Hobby held up a hand like a traffic cop. Demeter shut her mouth.
“Why?” he said.
Demeter wasn’t sure what he was asking. Why? Why was she looking for booze? Well, now he knew, now everyone knew: she was an alcoholic. Or did he mean, why were Zoe and Jordan together? That wasn’t something Demeter could answer.
“Why what?” she said.
“Why did you tell Penny?” he whispered.
Why did she tell Penny? She had asked herself this question half a million times: Why did I tell Penny? She must have known that Penny would be stunned; she must have known she would be hurt. Confused, sad, angry, disgusted. Yes, Demeter had known all of that. But the answer to why she had told Penny was that she had been unable not to tell Penny. The news was like a gold ingot in her hand, and for someone as emotionally impoverished as Demeter, it had been impossible not to squander it. The secret was valuable only if it could get her something she wanted, and what she had wanted, more than anything in the world, was Penny Alistair’s complete attention.
“I told her because I finally had something she didn’t. I had social currency.”

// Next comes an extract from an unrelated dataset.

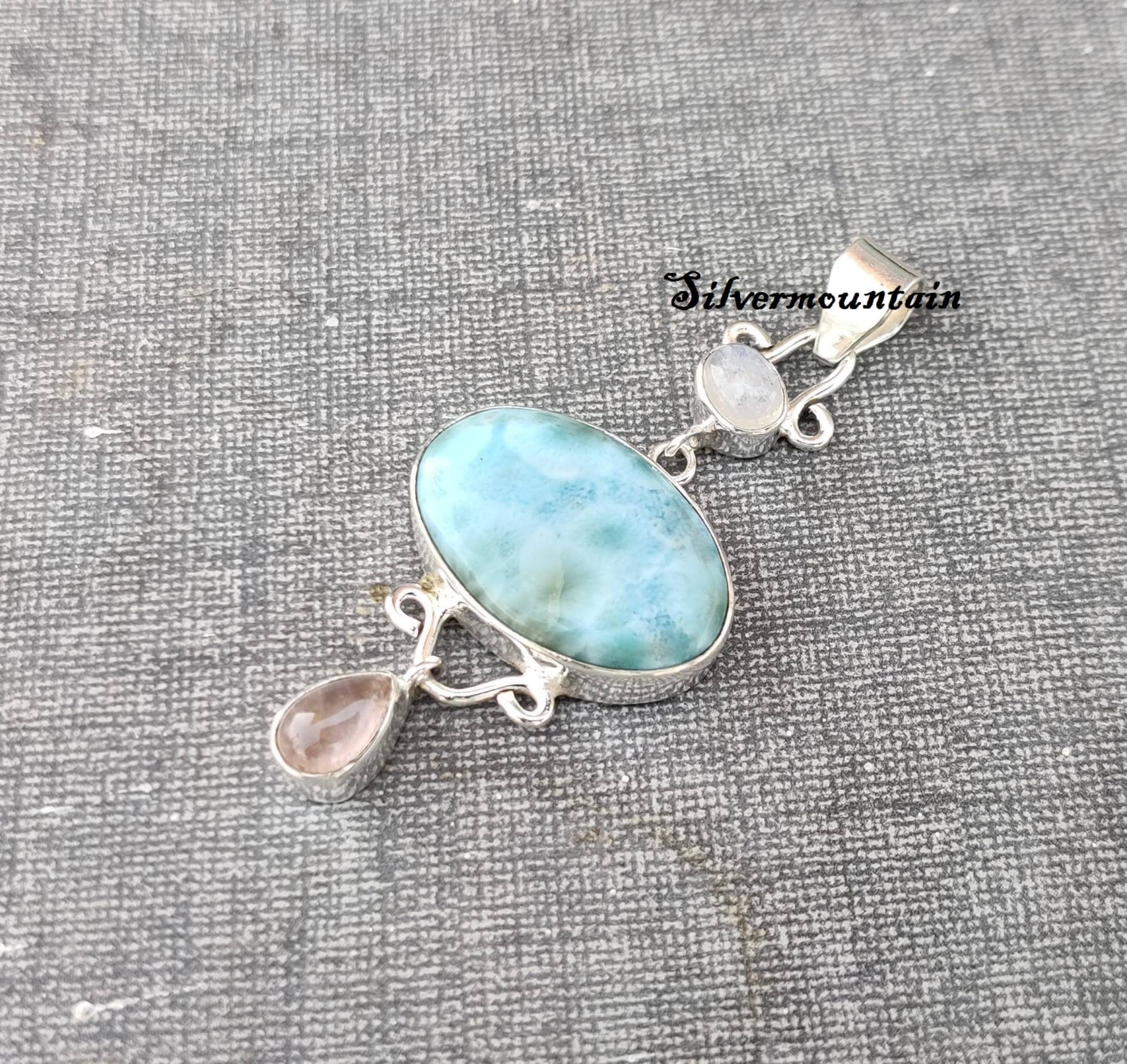 Larimar Anhänger Ovaler Anhänger925 Sterling Silber Anhängerrosenquarz Anhängerhandgemachter Anhängerschöner Anhängermondstein Anhängersp68 von Silvermountian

“ ‘Social currency,’ ” Hobby repeated.
“I knew she was going to be upset,” Demeter said. “But I thought I could help her work through it. That was what I wanted.” The words were so brutally honest that Demeter couldn’t believe she was actually uttering them. “My plan was to tell Penny the news and then be the one to help her deal with it. It was a secret that was going to bond us together.” She swallowed; her throat was dry and sore. “It was supposed to make us friends. Real friends.”
Hobby blew out a stream of air. He looked pale and sick. It occurred to Demeter that telling Hobby this news about his mother and Jordan might turn out to be a second disaster. Back in the dunes, with Penny, she had spoken with the self-righteous assurance that she was doing the correct and just thing by exposing the nefarious lies of the adults in their lives. Now, with Hobby, she was confessing only to her own transgressions. What had taken place between Zoe and Jordan was nobody’s business-not Penny’s, not Hobby’s, and certainly not Demeter’s.
“If I could take it back…,” she said.
“Well, yeah,” Hobby said. He was rubbing his forehead aggressively, as if willing his brain to work.
“Anyway, I wanted you to know that what happened with Penny was my fault. That was what I told her. She seemed cool with the news at first, like it was no big deal. But then, by the time we got back to the car, she was a mess.”
“ ‘A mess,’ ” Hobby said.
“I killed her,” Demeter said. “I might just as well have put a gun to her head and pulled the trigger.”
Hobby was quiet. Demeter thought he might try to say something to make her feel better, but he did nothing of the sort. So he was going to hold her responsible. He was very possibly going to report all of this back to Zoe, and then the whole world would hold her responsible for Penny Alistair’s death. But Demeter had concluded that telling Hobby was the only thing that would make her feel better. She could tell the story in group therapy at Vendever, but it wouldn’t have any meaning. Telling strangers would offer no relief from the insidious pressure that had been building inside her: I told Penny a horrible thing. I got in the middle of people’s personal affairs that had nothing to do with me. I am the reason Penny Alistair is dead. Me. If I had kept my mouth shut, Penny would still be alive.